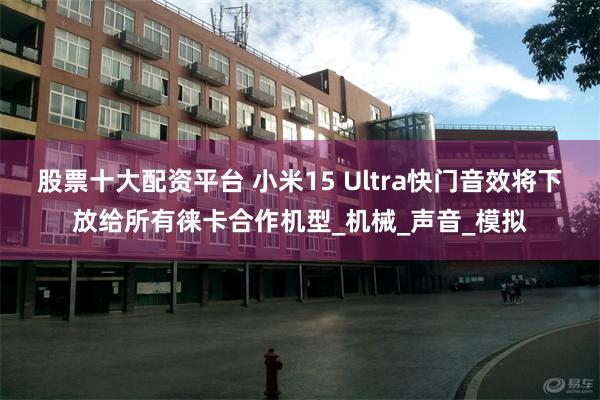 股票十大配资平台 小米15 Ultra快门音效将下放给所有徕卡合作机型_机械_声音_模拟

=======

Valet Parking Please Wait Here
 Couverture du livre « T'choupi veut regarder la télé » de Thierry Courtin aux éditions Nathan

=======

▶ _WORK REQUIRED_
In the data above, find the line that contains "Valet Parking Please Wait Here" and the line that contains "Couverture du livre". Repeat exactly those lines and every line between them, and only those.

▶ _ANSWER BOX_
Valet Parking Please Wait Here
 Couverture du livre « T'choupi veut regarder la télé » de Thierry Courtin aux éditions Nathan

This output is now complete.